- _TRY IT_
What is needed is a word-for-word copy of the lines below from the one with "Lia review photo" through the one with "120m2 cetvorosoban stan sa 4 garaze — 11", both included, with every picture left out.

- _SOURCE MATERIAL_

******************************

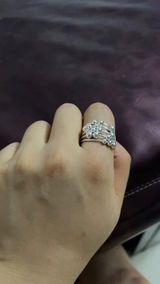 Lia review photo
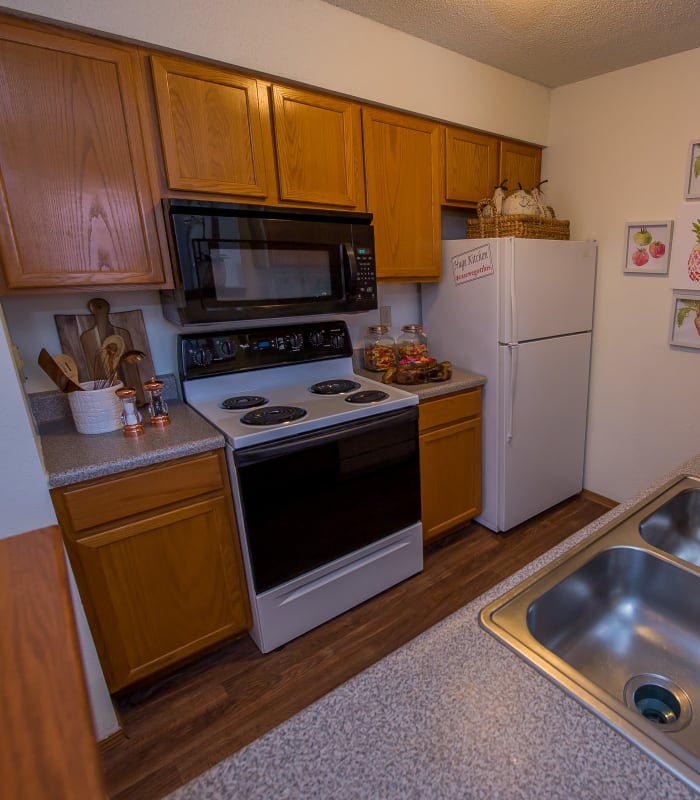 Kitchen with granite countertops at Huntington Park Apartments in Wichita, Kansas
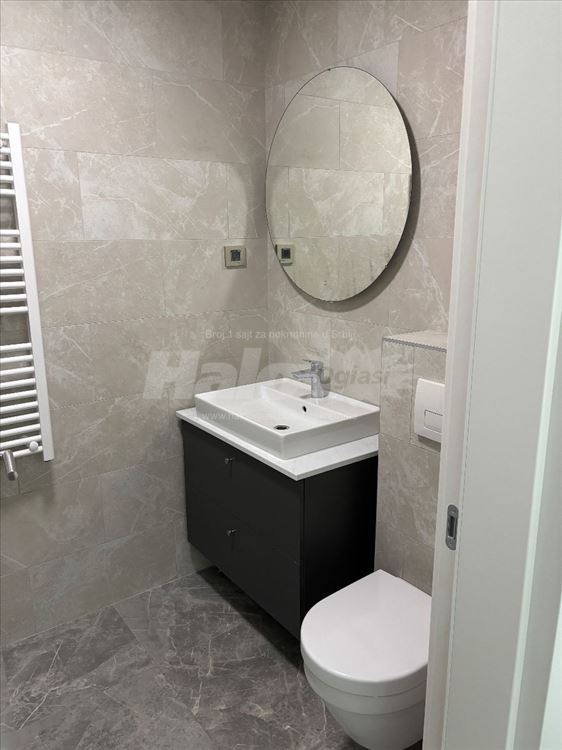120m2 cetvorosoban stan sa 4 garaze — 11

******************************

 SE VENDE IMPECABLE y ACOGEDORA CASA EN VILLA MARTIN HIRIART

******************************

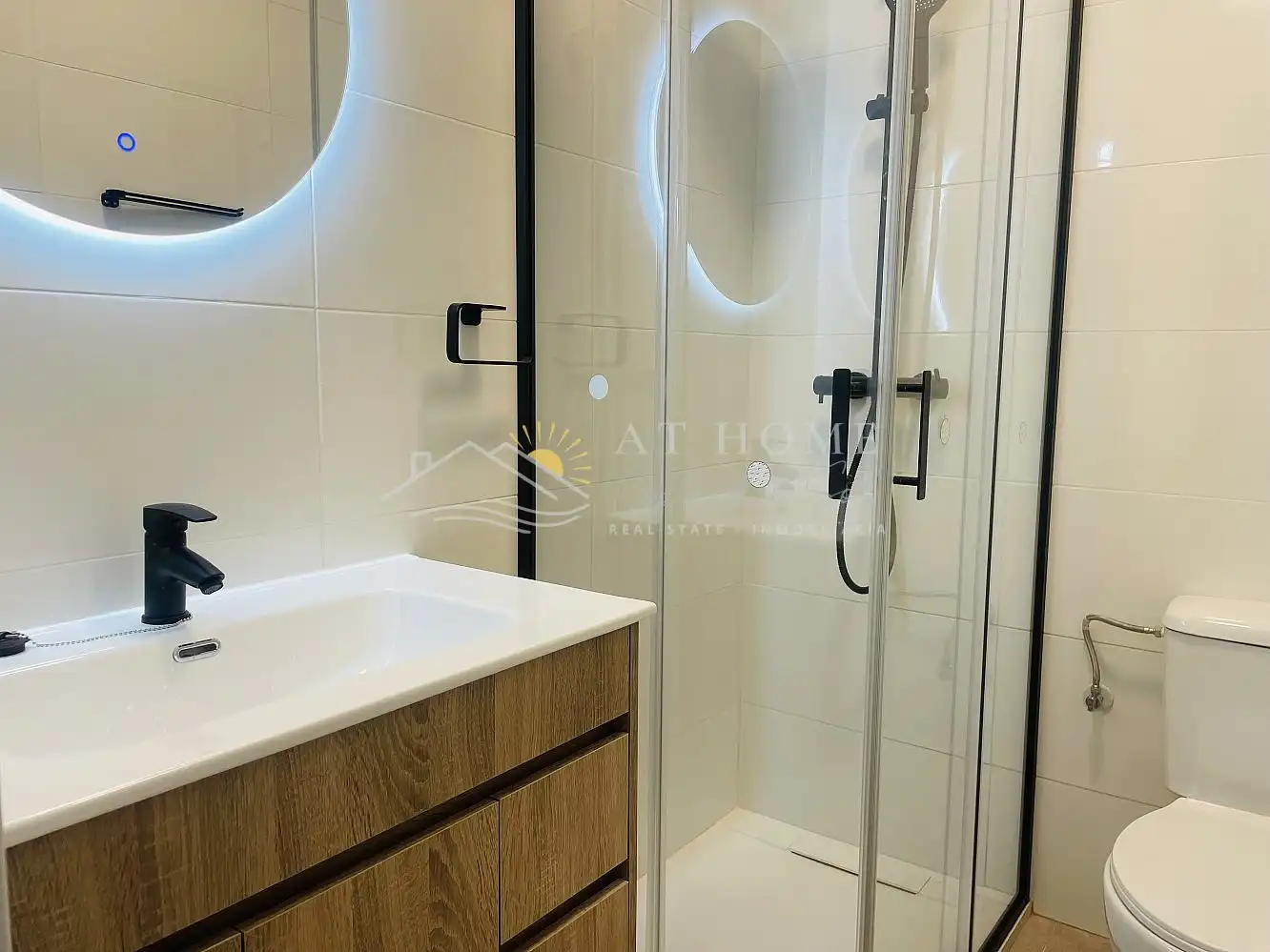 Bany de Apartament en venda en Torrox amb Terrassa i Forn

******************************

- _FINAL ANSWER_
 Lia review photo
 Kitchen with granite countertops at Huntington Park Apartments in Wichita, Kansas
120m2 cetvorosoban stan sa 4 garaze — 11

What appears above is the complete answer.